K-means clustering

K-means clustering (e.g. Bow 1984) is a non-hierarchical clustering method. The number of clusters to use is specified by the user, usually according to some hypothesis such as there being two sexes, four geographical regions or three species in the data set

The cluster assignments are initially random. In an iterative procedure, items are then moved to the cluster which has the closest cluster mean, and the cluster means are updated accordingly. This continues until items are no longer "jumping" to other clusters. The result of the clustering is to some extent dependent upon the initial, random ordering, and cluster assignments may therefore differ from run to run. This is not a bug, but normal behaviour in k-means clustering.

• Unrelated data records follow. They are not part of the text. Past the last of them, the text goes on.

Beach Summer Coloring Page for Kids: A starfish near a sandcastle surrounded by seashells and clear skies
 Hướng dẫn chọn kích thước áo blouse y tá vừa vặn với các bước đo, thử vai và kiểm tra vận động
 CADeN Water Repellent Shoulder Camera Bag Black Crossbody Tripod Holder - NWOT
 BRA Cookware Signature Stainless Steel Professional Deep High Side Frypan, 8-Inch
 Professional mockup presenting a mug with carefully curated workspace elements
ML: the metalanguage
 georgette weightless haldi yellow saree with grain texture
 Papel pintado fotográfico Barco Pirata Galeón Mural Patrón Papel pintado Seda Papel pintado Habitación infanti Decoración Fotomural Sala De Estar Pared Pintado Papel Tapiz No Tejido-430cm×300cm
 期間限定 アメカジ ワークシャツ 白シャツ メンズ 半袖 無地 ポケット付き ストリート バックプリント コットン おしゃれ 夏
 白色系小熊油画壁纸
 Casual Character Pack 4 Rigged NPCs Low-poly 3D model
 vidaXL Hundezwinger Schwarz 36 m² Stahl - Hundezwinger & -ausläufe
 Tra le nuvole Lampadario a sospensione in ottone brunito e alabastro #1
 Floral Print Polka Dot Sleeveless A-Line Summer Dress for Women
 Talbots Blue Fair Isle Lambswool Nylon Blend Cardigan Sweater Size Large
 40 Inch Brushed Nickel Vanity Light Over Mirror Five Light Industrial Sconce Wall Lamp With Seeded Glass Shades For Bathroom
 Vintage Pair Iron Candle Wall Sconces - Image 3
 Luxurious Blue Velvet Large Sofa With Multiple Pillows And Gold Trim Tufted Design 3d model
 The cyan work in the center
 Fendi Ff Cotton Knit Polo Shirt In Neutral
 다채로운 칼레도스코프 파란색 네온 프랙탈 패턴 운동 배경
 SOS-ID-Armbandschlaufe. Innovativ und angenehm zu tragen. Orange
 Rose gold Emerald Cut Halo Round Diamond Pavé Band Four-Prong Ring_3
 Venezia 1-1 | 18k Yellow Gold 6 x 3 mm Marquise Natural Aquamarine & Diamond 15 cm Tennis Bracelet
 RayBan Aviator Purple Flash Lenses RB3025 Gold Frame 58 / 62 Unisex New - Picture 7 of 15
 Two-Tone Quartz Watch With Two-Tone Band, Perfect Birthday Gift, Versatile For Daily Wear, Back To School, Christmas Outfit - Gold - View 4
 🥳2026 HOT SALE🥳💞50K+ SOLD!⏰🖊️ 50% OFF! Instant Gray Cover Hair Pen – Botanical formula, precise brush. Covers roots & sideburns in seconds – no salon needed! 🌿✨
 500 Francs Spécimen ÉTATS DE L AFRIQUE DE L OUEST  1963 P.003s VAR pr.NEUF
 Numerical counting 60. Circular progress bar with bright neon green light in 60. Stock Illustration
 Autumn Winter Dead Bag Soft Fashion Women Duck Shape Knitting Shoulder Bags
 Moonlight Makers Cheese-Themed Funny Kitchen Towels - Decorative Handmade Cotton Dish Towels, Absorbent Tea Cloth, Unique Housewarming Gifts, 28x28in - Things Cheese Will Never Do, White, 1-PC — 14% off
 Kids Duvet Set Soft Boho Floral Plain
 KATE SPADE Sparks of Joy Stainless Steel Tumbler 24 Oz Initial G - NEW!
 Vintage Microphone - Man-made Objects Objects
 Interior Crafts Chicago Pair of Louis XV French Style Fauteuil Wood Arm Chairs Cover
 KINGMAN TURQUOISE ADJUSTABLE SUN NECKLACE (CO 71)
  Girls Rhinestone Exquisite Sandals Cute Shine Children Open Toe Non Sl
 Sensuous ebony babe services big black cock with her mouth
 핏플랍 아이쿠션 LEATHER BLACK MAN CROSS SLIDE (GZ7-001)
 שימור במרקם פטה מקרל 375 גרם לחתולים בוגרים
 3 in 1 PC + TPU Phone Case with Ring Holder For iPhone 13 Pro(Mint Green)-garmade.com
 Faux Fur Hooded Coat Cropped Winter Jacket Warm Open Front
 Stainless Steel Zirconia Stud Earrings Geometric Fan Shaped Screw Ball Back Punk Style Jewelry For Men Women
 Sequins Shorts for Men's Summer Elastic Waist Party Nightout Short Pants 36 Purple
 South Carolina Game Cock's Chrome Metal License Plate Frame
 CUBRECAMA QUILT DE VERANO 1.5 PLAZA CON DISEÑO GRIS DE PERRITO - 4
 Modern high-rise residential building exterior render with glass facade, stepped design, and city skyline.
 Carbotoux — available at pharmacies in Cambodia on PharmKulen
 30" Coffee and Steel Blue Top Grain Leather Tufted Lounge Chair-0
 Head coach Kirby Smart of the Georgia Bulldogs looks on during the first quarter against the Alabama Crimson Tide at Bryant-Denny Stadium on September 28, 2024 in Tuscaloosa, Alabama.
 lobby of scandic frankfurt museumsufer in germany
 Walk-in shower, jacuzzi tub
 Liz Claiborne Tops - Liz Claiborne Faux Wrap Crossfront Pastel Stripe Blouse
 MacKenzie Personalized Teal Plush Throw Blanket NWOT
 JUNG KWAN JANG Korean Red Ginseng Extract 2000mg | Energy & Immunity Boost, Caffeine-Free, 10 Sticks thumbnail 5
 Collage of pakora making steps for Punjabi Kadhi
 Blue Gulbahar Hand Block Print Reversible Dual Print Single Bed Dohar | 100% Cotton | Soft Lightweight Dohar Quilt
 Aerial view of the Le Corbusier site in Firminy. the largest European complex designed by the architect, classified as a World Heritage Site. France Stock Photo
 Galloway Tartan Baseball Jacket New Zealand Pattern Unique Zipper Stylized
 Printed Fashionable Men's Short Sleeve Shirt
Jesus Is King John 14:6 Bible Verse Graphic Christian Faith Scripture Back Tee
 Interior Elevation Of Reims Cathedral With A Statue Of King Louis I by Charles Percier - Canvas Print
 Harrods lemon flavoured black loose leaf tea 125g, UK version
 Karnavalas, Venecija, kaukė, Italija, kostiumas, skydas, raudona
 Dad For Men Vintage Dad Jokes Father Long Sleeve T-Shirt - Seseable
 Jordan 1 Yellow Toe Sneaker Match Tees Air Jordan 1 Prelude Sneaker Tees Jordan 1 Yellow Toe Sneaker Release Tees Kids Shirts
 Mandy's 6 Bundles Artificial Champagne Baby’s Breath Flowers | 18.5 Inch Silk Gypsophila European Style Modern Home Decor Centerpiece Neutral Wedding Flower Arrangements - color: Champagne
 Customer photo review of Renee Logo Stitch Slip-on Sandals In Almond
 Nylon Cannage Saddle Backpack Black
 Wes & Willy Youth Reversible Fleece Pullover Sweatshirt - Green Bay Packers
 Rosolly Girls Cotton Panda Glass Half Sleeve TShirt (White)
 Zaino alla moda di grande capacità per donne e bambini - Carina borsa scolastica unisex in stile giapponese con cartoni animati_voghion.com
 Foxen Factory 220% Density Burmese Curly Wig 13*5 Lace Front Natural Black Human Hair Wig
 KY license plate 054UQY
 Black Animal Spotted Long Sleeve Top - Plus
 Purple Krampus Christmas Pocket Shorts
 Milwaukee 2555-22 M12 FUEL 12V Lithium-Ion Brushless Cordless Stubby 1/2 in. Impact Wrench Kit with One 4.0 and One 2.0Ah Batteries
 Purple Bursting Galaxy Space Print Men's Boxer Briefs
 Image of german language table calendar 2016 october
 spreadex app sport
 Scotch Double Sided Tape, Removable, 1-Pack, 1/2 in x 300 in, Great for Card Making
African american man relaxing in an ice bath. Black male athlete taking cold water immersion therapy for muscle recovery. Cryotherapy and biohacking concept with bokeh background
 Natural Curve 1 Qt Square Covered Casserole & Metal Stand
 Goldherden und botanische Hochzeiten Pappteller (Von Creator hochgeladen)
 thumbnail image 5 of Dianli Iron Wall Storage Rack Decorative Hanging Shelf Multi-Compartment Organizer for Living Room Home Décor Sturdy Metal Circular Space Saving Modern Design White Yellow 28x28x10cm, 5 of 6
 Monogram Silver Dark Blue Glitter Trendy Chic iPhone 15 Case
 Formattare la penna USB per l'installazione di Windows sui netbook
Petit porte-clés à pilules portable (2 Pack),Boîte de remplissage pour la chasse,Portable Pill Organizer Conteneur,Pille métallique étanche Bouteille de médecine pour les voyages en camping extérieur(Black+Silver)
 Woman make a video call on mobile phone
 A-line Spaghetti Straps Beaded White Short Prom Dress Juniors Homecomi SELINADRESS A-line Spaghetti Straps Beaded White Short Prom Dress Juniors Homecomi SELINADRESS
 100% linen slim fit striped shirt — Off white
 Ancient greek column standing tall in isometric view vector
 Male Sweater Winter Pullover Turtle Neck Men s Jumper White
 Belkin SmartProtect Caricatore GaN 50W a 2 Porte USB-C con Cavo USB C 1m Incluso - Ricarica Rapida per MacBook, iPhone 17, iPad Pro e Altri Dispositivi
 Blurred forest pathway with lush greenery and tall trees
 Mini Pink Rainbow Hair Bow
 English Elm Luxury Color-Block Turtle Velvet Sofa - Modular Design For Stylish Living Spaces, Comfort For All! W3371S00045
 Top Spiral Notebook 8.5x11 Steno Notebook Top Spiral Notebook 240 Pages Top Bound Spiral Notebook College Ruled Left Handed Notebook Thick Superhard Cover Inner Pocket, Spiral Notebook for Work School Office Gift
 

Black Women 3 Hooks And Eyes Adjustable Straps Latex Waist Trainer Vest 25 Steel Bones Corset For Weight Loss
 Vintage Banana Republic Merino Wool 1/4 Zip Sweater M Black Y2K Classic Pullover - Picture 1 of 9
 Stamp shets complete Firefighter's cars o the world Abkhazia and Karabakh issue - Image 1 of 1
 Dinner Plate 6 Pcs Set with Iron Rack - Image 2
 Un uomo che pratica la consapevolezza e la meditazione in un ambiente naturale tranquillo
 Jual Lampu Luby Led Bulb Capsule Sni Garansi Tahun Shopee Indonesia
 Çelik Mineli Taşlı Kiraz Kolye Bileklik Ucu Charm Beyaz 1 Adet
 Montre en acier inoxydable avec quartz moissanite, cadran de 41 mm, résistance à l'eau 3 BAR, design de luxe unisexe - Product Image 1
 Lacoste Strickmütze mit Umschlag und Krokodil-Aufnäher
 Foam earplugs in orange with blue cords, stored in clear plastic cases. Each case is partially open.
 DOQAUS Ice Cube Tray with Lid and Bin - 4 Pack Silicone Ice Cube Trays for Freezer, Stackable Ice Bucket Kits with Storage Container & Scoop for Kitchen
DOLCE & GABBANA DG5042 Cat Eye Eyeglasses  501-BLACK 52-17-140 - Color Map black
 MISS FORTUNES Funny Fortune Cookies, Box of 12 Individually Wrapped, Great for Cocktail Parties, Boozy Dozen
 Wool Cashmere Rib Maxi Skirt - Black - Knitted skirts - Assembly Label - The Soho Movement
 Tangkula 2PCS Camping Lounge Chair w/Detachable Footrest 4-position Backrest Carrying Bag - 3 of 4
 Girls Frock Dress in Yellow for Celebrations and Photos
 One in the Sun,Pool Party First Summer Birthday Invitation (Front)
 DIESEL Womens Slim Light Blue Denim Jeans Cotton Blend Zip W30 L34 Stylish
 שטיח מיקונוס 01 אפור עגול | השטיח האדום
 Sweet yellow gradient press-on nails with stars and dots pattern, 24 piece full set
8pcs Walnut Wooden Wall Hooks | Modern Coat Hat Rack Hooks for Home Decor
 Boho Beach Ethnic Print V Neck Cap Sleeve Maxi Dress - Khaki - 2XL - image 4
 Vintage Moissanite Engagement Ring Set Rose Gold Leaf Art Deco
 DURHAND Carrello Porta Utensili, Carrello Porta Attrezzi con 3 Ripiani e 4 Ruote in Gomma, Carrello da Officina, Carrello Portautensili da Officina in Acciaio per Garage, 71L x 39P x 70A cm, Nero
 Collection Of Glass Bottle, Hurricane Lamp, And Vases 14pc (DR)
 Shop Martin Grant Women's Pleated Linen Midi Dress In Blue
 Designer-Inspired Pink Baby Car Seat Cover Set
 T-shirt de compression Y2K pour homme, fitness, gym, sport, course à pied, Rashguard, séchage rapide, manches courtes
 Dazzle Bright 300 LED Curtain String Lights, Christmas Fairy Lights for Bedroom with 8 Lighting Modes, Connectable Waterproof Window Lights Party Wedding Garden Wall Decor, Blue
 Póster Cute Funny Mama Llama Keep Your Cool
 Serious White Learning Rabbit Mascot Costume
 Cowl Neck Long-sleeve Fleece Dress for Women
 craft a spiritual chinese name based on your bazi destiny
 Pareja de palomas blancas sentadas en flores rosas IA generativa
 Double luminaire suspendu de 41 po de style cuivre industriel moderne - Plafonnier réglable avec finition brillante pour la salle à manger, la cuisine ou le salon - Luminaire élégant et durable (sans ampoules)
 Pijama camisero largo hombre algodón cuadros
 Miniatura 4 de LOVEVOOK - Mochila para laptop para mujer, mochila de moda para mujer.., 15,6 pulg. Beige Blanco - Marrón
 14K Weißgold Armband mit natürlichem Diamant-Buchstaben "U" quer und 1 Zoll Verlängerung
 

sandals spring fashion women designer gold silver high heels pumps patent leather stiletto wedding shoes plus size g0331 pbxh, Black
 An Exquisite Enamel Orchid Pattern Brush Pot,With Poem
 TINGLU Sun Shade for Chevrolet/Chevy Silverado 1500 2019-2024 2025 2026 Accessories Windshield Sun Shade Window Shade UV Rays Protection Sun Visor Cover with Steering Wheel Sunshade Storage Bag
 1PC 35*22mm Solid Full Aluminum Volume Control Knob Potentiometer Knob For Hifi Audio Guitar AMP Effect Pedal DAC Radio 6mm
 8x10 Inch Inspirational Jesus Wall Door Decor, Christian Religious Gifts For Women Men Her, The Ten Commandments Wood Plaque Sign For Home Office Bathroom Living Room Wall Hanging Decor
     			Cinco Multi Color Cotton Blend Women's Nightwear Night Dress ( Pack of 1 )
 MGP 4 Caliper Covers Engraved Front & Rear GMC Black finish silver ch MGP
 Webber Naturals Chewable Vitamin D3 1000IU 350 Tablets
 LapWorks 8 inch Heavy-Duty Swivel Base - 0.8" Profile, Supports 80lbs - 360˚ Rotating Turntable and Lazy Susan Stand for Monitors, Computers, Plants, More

The cluster assignments may be copied and pasted back into the main spreadsheet. If you then set the column type to Group, corresponding colors (symbols) may be assigned to the items using the 'Row colors/symbols' option in the Edit menu.

Clustering statistics

WGSS: The Within-Group (or Within-Cluster) sum of squares; will decrease with cluster separation and with the number of clusters.

F: Ratio of Between-Group to Within-Group sum of squares; will increase with cluster separation and number of clusters.

Variance explained (percent): Ratio of Between-Group to total sum of squares, multiplied with 100.

Average silhouette: The average silhouette value over all objects (see below).

Silhouette plot and table

The silhouette plot (Rousseeuw 1987) gives an indication of how well each object has been classified, on a scale from -1 to 1, where 1 means a perfectly appropriate assignment to a cluster; -1 means the object would have been better placed in another cluster; 0 means the object is on the boundary between two clusters.

Missing data supported by column average substitution.

Reference

Bow, S.-T. 1984. Pattern Recognition. Marcel Dekker, New York.

Rousseeuw, P.J. 1987. Silhouettes: a graphical aid to the interpretation and validation of cluster analysis". Computational and Applied Mathematics 20:53–65.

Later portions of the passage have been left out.